Given data section start

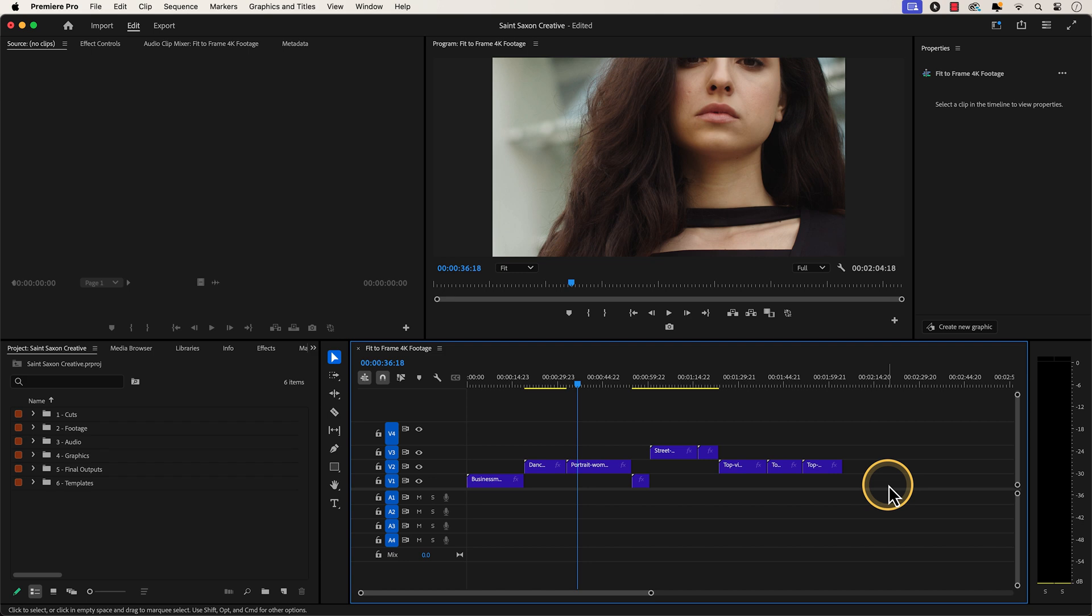My sequence here is 1920x1080 and I currently have 4K footage in my sequence that I want to fit within the dimensions of 1920x1080.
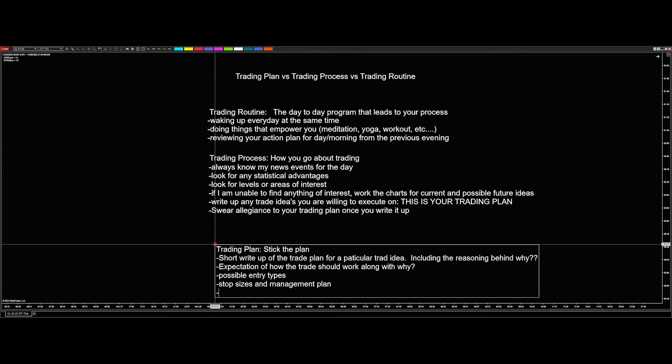And then next would be targets and contract sizing. Am I trading two contracts? Am I trading four contracts? Am I trading eight contracts? How many contracts am I trading? And based on the stop size, how many can my account handle? Sometimes if we're in oil, we're taking less contracts because of the size of the noise in oil and their stops. And then in other markets, we're taking more contracts because the size of our stops are smaller. That's all based on account size, which is another conversation for another day. But again, targets where we expect the market to head to, contract sizing and management.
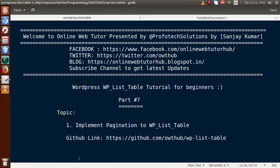Hello guys, welcome to Online Web Tutor presented by Prophotec Solutions team. I am Sanjay. We are learning WordPress WP List Table tutorial for beginners and this is part 7. In this video session we will see how we can implement pagination features to our WP List Table. If you are a beginner to the channel, please don't forget to subscribe.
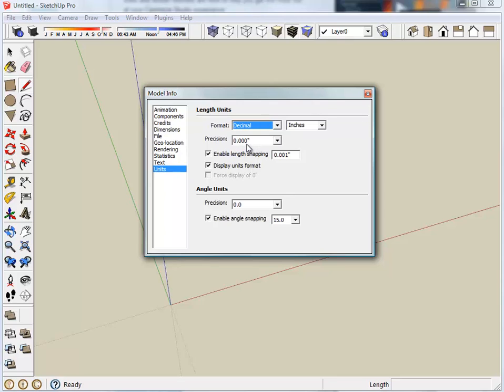Setting a precision of one one-thousandth and I enable snapping to one one-thousandth.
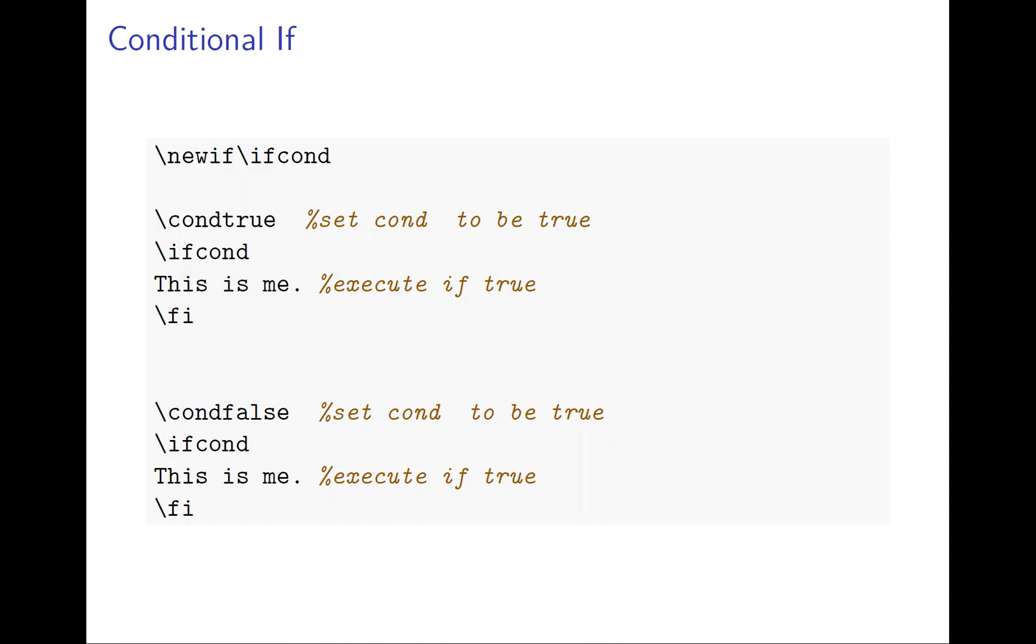So how to define an if condition? We have to say slash if, and you say if condition. And when we say condition true, we set it to true. Then this if, con, and fi, that will be this inside will execute. And if you say condition true, this will not be executed.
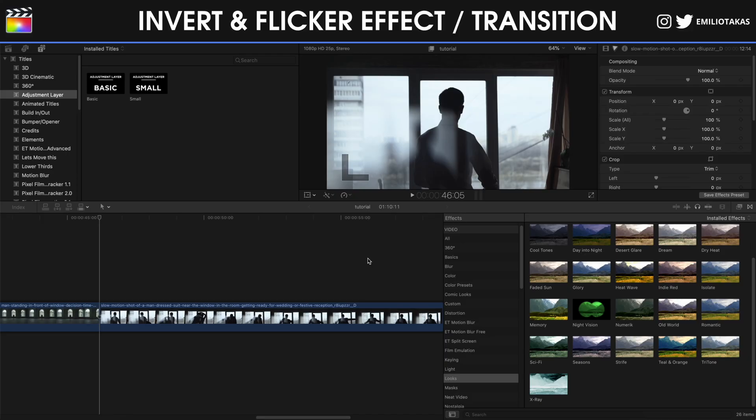We're in the Final Cut Pro X interface. We have placed the footage that we will see how the effect is going to work in Final Cut Pro X, but first of all let's talk about the invert effect. The invert effect you have probably seen in a lot of videos is this effect that changes the colors, the black turns to white or the white areas turn to colorized areas.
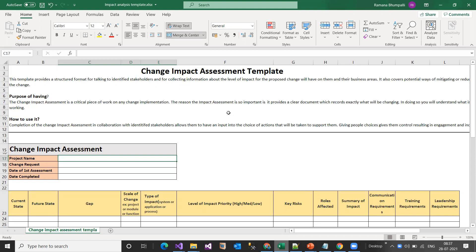The impact analysis template has major fields: project name — where you mention the project name — and the change request, meaning what change you are going to make. Then there is the date of first assessment, meaning when you started, and a date of completion, meaning when you completed that particular change request.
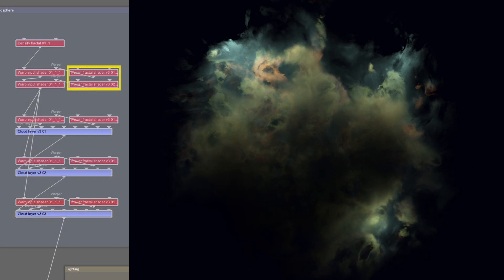The layers share the same large scale warping, which makes the shape more cohesive, but the small scale warping is unique to each layer.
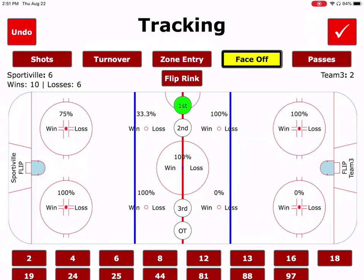Face-off tracker. For the face-off tracker, there are nine circles on the ice, so we have nine different zones, and it is fairly self-explanatory. You either win or you lose the draw, and there's a percentage for each of the different dots.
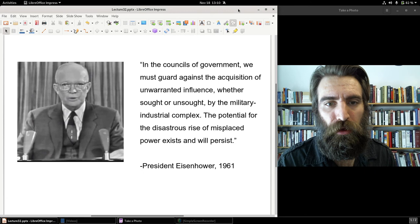That concludes Part A. Part B, we'll take a look at what happens in Germany following World War I. See you there.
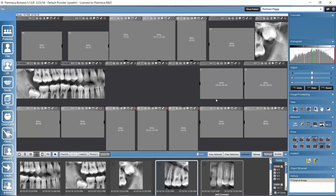Let's not finish building this study since we already understand the concept. Instead, let's move on to the admin module where we can see how to build custom templates. If those standard templates already in Romexis don't serve your needs, you may build your own ones in the admin module.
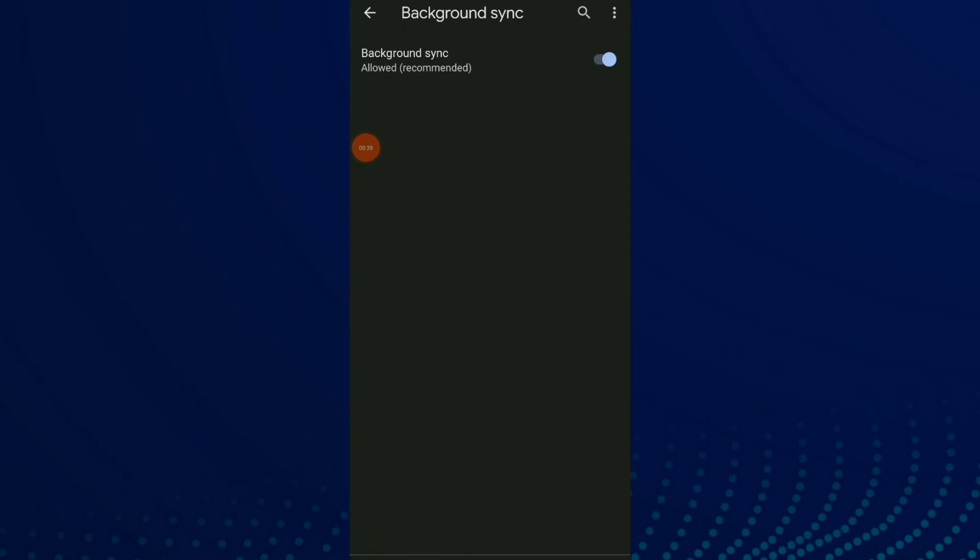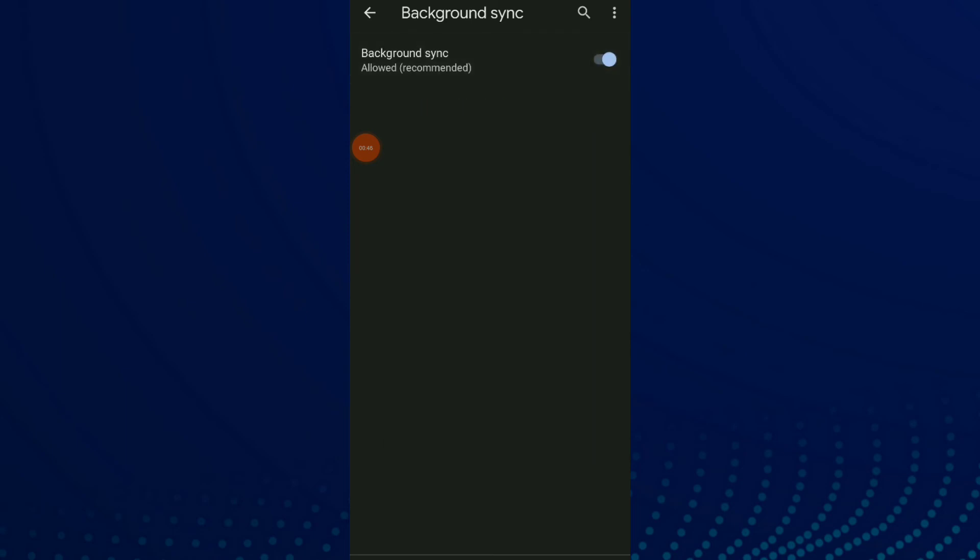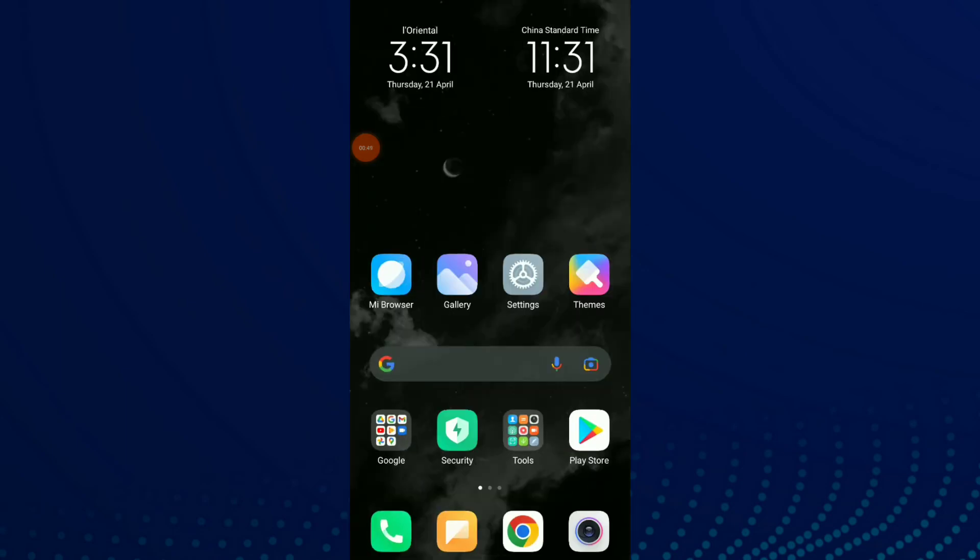You can turn off or on this option. You can block background sync or you can turn it on to allow this option. So this is it guys, hope this video was helpful to you. And if you like the video, don't forget to subscribe and like.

Given data section end

Give back each line above exactly, with pictures dropped.

# Response to the task
My sequence here is 1920x1080 and I currently have 4K footage in my sequence that I want to fit within the dimensions of 1920x1080.
And then next would be targets and contract sizing. Am I trading two contracts? Am I trading four contracts? Am I trading eight contracts? How many contracts am I trading? And based on the stop size, how many can my account handle? Sometimes if we're in oil, we're taking less contracts because of the size of the noise in oil and their stops. And then in other markets, we're taking more contracts because the size of our stops are smaller. That's all based on account size, which is another conversation for another day. But again, targets where we expect the market to head to, contract sizing and management.
Hello guys, welcome to Online Web Tutor presented by Prophotec Solutions team. I am Sanjay. We are learning WordPress WP List Table tutorial for beginners and this is part 7. In this video session we will see how we can implement pagination features to our WP List Table. If you are a beginner to the channel, please don't forget to subscribe.
Setting a precision of one one-thousandth and I enable snapping to one one-thousandth.
So how to define an if condition? We have to say slash if, and you say if condition. And when we say condition true, we set it to true. Then this if, con, and fi, that will be this inside will execute. And if you say condition true, this will not be executed.
We're in the Final Cut Pro X interface. We have placed the footage that we will see how the effect is going to work in Final Cut Pro X, but first of all let's talk about the invert effect. The invert effect you have probably seen in a lot of videos is this effect that changes the colors, the black turns to white or the white areas turn to colorized areas.
The impact analysis template has major fields: project name — where you mention the project name — and the change request, meaning what change you are going to make. Then there is the date of first assessment, meaning when you started, and a date of completion, meaning when you completed that particular change request.
The layers share the same large scale warping, which makes the shape more cohesive, but the small scale warping is unique to each layer.
Face-off tracker. For the face-off tracker, there are nine circles on the ice, so we have nine different zones, and it is fairly self-explanatory. You either win or you lose the draw, and there's a percentage for each of the different dots.
That concludes Part A. Part B, we'll take a look at what happens in Germany following World War I. See you there.
Let's not finish building this study since we already understand the concept. Instead, let's move on to the admin module where we can see how to build custom templates. If those standard templates already in Romexis don't serve your needs, you may build your own ones in the admin module.
You can turn off or on this option. You can block background sync or you can turn it on to allow this option. So this is it guys, hope this video was helpful to you. And if you like the video, don't forget to subscribe and like.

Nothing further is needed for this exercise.